Dataset extract Block Start
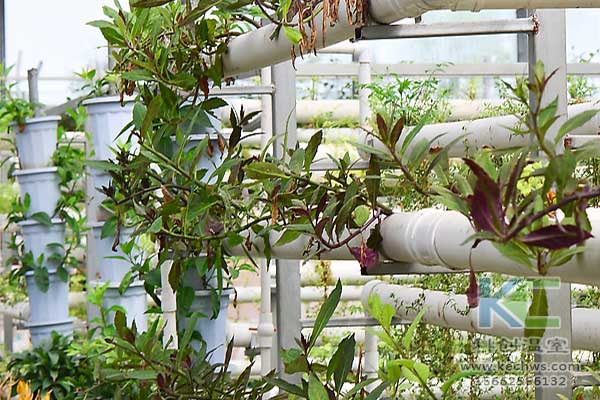 無(wú)土栽培，無(wú)土栽培技術(shù)，無(wú)土栽培設(shè)備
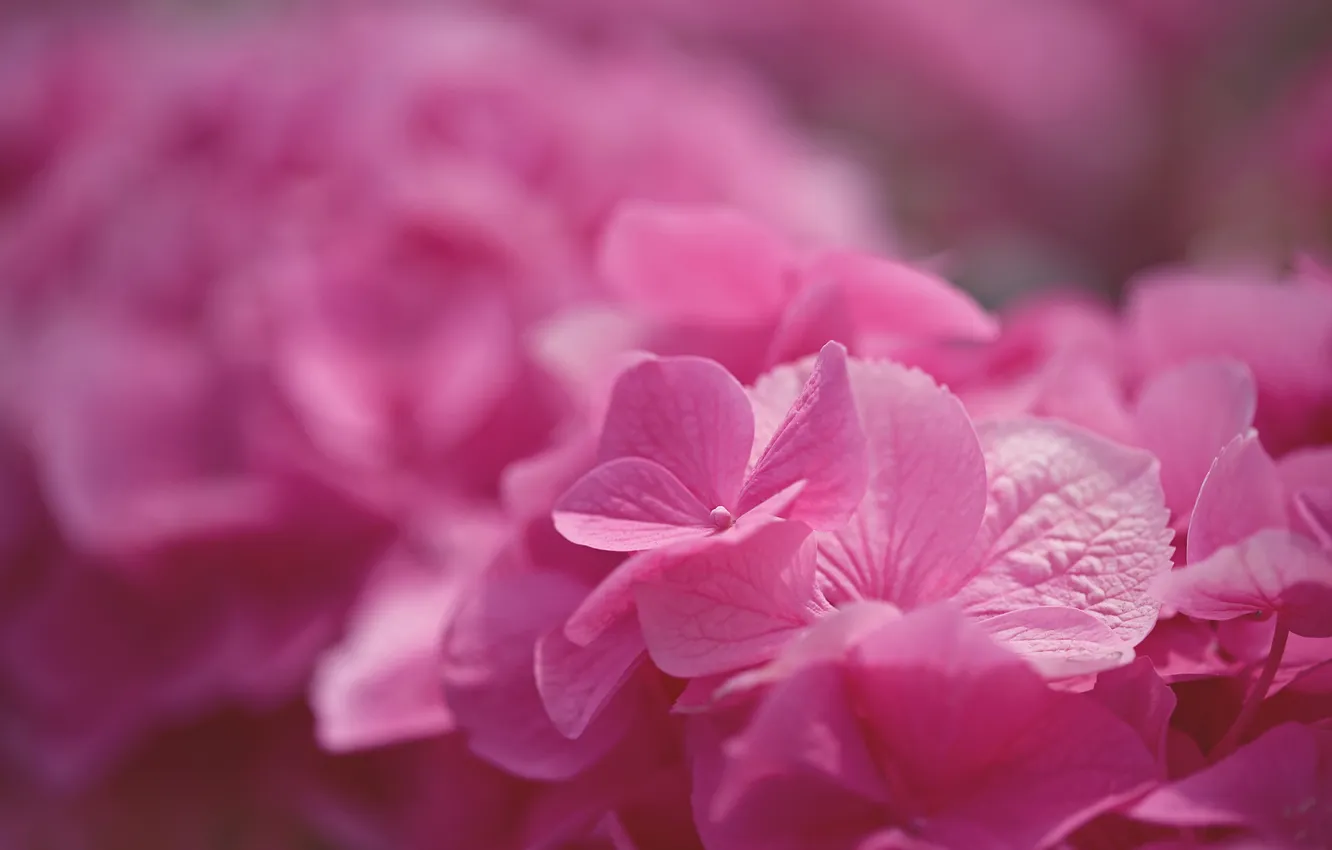 Фото обои макро, цветы, Pink Hydrangea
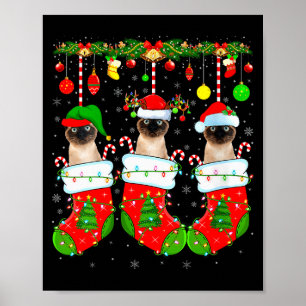 Affiche Chats siamois féminins en chaussettes de Noël Chat
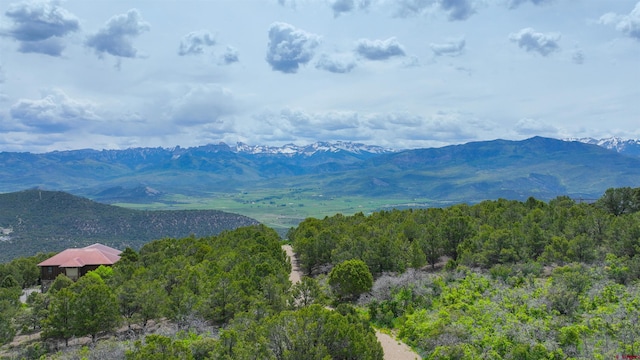 818 Pine Dr, Ridgway, CO 81432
Dataset extract Block End
**Task objective:** Reproduce the full material exactly, excluding the pictures.

**Answer section:**
 無(wú)土栽培，無(wú)土栽培技術(shù)，無(wú)土栽培設(shè)備
 Фото обои макро, цветы, Pink Hydrangea
 Affiche Chats siamois féminins en chaussettes de Noël Chat
 818 Pine Dr, Ridgway, CO 81432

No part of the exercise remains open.